Cloud Role Segregation

5 min readDec 26, 2021

Role-Based Access Control (RBAC) in Azure, AWS, GCP, and other clouds provides fine-grained access management (authorization) to cloud features and resources. A role defines the set of permissions and sometimes the scope that a user principal is entitled to use. The permissions are the list of actions or operations that can be performed, such as read, write, and delete.

Principle of Least Privilege

The principle of “least privilege” needs to be applied using a risk-based approach to address a business or security risk where the absence of least privilege would result in a significant risk to the company. That is, least privilege should NOT be treated as a law. Rather, it must be balanced with manageability and the additional complexity introduced.

I have seen organizations define thousands of roles in an attempt to achieve least privilege nirvana. It is an epic failure because there were so many roles, that keeping them up to date and properly assigned was impossible.

Custom Roles

In order to manage least privilege, I typically define 10 to 15 cloud custom roles (or ‘policies’ in AWS) which align with the structure and needs of the organization. You might wonder why so few, but I find that these custom roles can be augmented with the cloud provider’s built-in roles / policies, which are often narrowly permissioned.

But this also means that sometimes users may be granted more cloud privileges than they necessarily need for their job. But generally those permissions are not far outside the scope of their business role anyway. A modicum of trust is required of course, but employees need to be reasonably trusted not to mis-use privileges anyway. Activity auditing is your friend here under “trust but verify”.

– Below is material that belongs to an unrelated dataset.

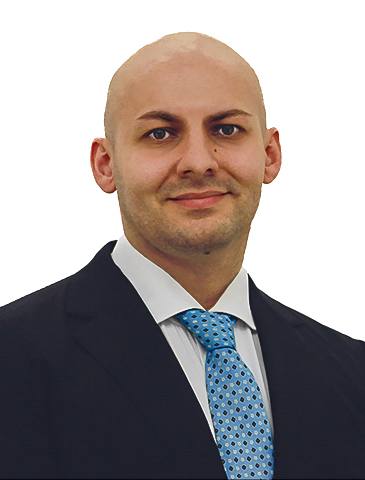 Dario Simone Palmiotti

The bespoke roles I have typically defined (usually to align with business functional responsibilities as well as to compartmentalize permissions into meaningful groupings) include:

Cloud Admin — Full administrative access, excluding data access.
Reader — Provides read-only access to virtually all cloud configuration and many operating metrics.
Network Admin — Provides administrative access to all networking capabilities and selected other administrative capabilities (network administration is often a separate responsibility in most IT organizations).
Firewall Operator — Provides administrative capability to all security groups, cloud network ACLs, and PaaS firewalls so that firewall rules may be managed. This is typically a subset of the Network Admin capabilities.
Security Admin — Provides administrative access to security functions for use by Information Security team.
Security Operator — Provides limited security operator access for use by the Information Security operations team.
Service Admin — Provides limited administrative access to resources, allowing for starting and stopping of VMs, limited reconfiguration capability, tag management, and more. Useful for operations teams.
Data Access Admin — Provides data access capabilities. It is crucial that access to sensitive data be in a segregated role that must be specifically assumed when direct access to (sensitive) data is needed.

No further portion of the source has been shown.